** What the task asks **
Look in the material below for the line holding "Сандалии Birkenstock Madrid". Set it down exactly, with each later line up to and including the line holding "Rui Hachimura Pink Hyper".
Top of Input records
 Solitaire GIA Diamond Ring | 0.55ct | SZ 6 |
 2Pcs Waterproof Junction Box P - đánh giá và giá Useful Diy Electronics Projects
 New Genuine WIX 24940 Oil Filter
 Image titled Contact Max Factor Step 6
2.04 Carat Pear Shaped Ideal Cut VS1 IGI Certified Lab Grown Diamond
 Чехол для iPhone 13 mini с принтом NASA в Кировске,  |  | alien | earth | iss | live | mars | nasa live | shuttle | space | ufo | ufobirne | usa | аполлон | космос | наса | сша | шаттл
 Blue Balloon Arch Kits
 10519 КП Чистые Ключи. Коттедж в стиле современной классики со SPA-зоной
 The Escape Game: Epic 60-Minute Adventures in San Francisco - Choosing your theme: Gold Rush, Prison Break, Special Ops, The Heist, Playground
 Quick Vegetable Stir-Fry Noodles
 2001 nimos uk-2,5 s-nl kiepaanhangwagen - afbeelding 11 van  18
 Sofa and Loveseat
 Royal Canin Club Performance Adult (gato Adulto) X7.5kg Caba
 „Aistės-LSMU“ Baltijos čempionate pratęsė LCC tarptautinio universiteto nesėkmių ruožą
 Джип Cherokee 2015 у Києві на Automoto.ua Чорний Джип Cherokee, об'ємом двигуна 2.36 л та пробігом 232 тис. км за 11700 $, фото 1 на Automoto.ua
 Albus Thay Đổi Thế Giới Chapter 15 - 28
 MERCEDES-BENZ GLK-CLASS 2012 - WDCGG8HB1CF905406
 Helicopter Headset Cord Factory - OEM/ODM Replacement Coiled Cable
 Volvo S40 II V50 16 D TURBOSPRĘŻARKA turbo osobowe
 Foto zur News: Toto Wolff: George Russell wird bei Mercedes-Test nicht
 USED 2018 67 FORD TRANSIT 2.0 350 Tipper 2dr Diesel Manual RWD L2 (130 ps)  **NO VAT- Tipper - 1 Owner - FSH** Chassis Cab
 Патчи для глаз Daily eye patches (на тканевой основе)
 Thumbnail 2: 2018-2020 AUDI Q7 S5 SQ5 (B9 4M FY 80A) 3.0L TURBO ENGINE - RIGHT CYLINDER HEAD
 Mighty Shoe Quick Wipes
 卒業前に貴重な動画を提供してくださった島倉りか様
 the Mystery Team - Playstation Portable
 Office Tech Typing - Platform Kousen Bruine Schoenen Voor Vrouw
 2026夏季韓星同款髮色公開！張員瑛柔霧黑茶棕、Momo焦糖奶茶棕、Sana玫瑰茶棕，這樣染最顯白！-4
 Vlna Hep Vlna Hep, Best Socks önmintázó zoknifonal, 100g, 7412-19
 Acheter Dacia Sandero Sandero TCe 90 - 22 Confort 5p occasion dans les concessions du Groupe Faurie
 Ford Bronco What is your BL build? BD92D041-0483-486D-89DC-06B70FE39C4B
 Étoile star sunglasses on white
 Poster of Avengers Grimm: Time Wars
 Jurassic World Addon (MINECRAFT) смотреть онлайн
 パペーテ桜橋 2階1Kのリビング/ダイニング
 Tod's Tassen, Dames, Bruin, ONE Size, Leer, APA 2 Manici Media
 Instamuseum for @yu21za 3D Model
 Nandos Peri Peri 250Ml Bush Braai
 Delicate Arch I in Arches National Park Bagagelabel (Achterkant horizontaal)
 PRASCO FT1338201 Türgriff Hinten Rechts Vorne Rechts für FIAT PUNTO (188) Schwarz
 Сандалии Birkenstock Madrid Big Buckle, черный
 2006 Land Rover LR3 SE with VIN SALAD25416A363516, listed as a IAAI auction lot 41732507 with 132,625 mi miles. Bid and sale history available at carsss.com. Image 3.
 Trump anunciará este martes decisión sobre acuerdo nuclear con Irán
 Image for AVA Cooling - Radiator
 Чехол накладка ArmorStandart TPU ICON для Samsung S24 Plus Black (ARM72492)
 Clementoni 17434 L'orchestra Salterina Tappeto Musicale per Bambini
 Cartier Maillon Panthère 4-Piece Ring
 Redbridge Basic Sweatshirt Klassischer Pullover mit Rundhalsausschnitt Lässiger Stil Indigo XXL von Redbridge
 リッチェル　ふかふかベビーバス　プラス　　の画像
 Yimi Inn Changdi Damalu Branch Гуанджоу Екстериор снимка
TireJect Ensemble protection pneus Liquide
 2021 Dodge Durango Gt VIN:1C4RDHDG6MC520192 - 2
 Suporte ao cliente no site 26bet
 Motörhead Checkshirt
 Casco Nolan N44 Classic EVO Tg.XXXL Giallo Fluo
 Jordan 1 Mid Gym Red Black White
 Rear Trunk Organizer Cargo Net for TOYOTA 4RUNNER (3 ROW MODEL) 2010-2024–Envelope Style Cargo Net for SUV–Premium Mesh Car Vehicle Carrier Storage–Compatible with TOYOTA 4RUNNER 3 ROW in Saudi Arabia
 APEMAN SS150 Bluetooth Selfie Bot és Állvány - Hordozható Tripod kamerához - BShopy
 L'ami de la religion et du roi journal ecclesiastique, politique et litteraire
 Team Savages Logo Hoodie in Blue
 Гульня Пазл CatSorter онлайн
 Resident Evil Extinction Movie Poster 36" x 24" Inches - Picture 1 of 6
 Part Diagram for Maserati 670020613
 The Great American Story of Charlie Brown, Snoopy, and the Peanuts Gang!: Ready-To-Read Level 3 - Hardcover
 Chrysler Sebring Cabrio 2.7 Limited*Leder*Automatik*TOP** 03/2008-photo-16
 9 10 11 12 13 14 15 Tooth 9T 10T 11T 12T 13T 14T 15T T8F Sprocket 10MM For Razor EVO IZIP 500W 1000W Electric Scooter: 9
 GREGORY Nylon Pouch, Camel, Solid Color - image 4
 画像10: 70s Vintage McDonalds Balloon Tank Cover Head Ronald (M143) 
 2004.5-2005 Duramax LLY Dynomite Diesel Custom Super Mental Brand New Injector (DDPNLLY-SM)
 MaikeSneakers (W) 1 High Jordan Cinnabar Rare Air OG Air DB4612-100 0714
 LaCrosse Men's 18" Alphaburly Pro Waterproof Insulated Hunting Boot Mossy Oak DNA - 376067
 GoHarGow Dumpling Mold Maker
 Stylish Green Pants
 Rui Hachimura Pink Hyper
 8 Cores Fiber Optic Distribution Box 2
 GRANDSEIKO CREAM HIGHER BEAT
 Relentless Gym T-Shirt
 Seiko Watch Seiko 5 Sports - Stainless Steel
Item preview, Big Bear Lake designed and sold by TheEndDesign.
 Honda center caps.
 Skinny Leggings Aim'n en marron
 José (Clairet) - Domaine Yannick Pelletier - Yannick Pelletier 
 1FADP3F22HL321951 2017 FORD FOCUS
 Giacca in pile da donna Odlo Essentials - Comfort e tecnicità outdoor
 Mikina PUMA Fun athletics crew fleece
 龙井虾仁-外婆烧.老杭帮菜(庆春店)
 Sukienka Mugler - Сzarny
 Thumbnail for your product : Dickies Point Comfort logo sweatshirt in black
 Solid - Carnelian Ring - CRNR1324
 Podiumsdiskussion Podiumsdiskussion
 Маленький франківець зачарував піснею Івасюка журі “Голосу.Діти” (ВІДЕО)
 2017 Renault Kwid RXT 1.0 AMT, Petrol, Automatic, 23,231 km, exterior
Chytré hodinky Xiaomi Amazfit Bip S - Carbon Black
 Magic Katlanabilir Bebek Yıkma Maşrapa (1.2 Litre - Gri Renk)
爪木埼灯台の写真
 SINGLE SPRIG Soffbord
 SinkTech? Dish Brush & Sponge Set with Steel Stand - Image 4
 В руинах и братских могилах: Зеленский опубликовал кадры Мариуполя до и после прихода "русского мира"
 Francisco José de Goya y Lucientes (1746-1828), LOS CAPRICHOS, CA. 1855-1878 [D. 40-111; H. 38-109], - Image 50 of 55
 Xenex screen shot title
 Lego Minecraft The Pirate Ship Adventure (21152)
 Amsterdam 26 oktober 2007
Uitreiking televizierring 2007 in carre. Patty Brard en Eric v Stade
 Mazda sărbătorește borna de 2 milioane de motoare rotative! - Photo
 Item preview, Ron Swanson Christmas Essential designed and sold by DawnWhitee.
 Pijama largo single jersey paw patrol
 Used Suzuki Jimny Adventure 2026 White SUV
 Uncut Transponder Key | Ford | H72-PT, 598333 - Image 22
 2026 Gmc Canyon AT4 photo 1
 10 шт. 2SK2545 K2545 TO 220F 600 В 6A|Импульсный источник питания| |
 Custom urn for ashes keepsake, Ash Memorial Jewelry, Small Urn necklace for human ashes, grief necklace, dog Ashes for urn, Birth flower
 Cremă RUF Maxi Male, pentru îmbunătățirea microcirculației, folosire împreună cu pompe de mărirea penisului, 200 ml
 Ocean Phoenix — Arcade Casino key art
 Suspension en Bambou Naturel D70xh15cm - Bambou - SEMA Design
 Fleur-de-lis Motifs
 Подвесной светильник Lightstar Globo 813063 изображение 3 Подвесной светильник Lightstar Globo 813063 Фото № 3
Bottom of Input records
** Your response **
 Сандалии Birkenstock Madrid Big Buckle, черный
 2006 Land Rover LR3 SE with VIN SALAD25416A363516, listed as a IAAI auction lot 41732507 with 132,625 mi miles. Bid and sale history available at carsss.com. Image 3.
 Trump anunciará este martes decisión sobre acuerdo nuclear con Irán
 Image for AVA Cooling - Radiator
 Чехол накладка ArmorStandart TPU ICON для Samsung S24 Plus Black (ARM72492)
 Clementoni 17434 L'orchestra Salterina Tappeto Musicale per Bambini
 Cartier Maillon Panthère 4-Piece Ring
 Redbridge Basic Sweatshirt Klassischer Pullover mit Rundhalsausschnitt Lässiger Stil Indigo XXL von Redbridge
 リッチェル　ふかふかベビーバス　プラス　　の画像
 Yimi Inn Changdi Damalu Branch Гуанджоу Екстериор снимка
TireJect Ensemble protection pneus Liquide
 2021 Dodge Durango Gt VIN:1C4RDHDG6MC520192 - 2
 Suporte ao cliente no site 26bet
 Motörhead Checkshirt
 Casco Nolan N44 Classic EVO Tg.XXXL Giallo Fluo
 Jordan 1 Mid Gym Red Black White
 Rear Trunk Organizer Cargo Net for TOYOTA 4RUNNER (3 ROW MODEL) 2010-2024–Envelope Style Cargo Net for SUV–Premium Mesh Car Vehicle Carrier Storage–Compatible with TOYOTA 4RUNNER 3 ROW in Saudi Arabia
 APEMAN SS150 Bluetooth Selfie Bot és Állvány - Hordozható Tripod kamerához - BShopy
 L'ami de la religion et du roi journal ecclesiastique, politique et litteraire
 Team Savages Logo Hoodie in Blue
 Гульня Пазл CatSorter онлайн
 Resident Evil Extinction Movie Poster 36" x 24" Inches - Picture 1 of 6
 Part Diagram for Maserati 670020613
 The Great American Story of Charlie Brown, Snoopy, and the Peanuts Gang!: Ready-To-Read Level 3 - Hardcover
 Chrysler Sebring Cabrio 2.7 Limited*Leder*Automatik*TOP** 03/2008-photo-16
 9 10 11 12 13 14 15 Tooth 9T 10T 11T 12T 13T 14T 15T T8F Sprocket 10MM For Razor EVO IZIP 500W 1000W Electric Scooter: 9
 GREGORY Nylon Pouch, Camel, Solid Color - image 4
 画像10: 70s Vintage McDonalds Balloon Tank Cover Head Ronald (M143) 
 2004.5-2005 Duramax LLY Dynomite Diesel Custom Super Mental Brand New Injector (DDPNLLY-SM)
 MaikeSneakers (W) 1 High Jordan Cinnabar Rare Air OG Air DB4612-100 0714
 LaCrosse Men's 18" Alphaburly Pro Waterproof Insulated Hunting Boot Mossy Oak DNA - 376067
 GoHarGow Dumpling Mold Maker
 Stylish Green Pants
 Rui Hachimura Pink Hyper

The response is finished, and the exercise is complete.